Parmi d’autres formes d’exploitation du sous-sol, les tuileries tiennent une place importante dans la Woëvre. La production de céramique n’avait quasiment jamais été localisée dans le département jusqu’aux fouilles récentes de Chaillon. À coté d’un habitat à activité agro-pastoral et artisanale, a été découvert un important site de production de pots et cruches qui a fonctionné du Xe au XIIe siècle.

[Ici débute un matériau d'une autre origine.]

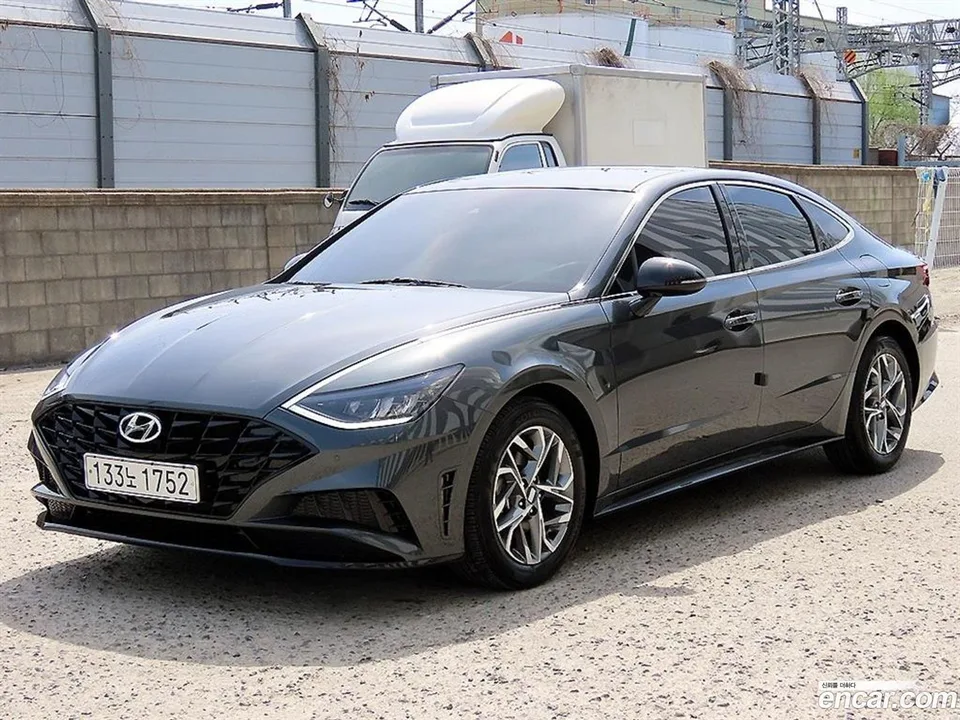 Hyundai Sonata 2.0 2022 — миниатюра 2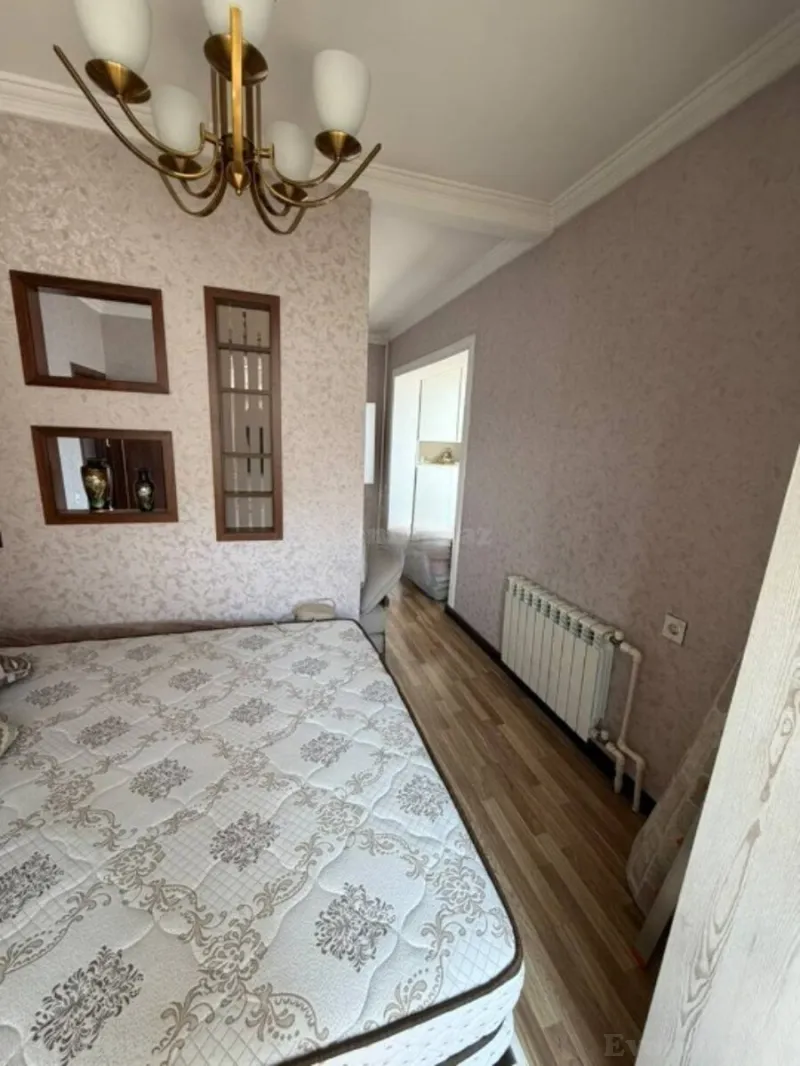 Satılır 2 otaqlı Mənzil Köhnə tikili 45 m² İnşaatçılar m. - şəkil 9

Enfin, les carrières de pierre du Perthois (Savonnières-en-Perthois, Brauvilliers…), exploitées dès l’époque gallo-romaine, puis durant l’époque mérovingienne (sarcophages), ont produit de manière intensive durant tout le Moyen Âge, exportant la pierre de taille jusqu’en Champagne.
L’industrie verrière est propre à l’Argonne, riche en sable siliceux et grâce au salin, issu de la combustion des genêts et des fougères. La production de gobeleterie s’est échelonnée principalement du XIIIe au XVe siècle dans la vallée de la Biesme, à Lisle-en-Barrois et dans le département voisin de la Marne.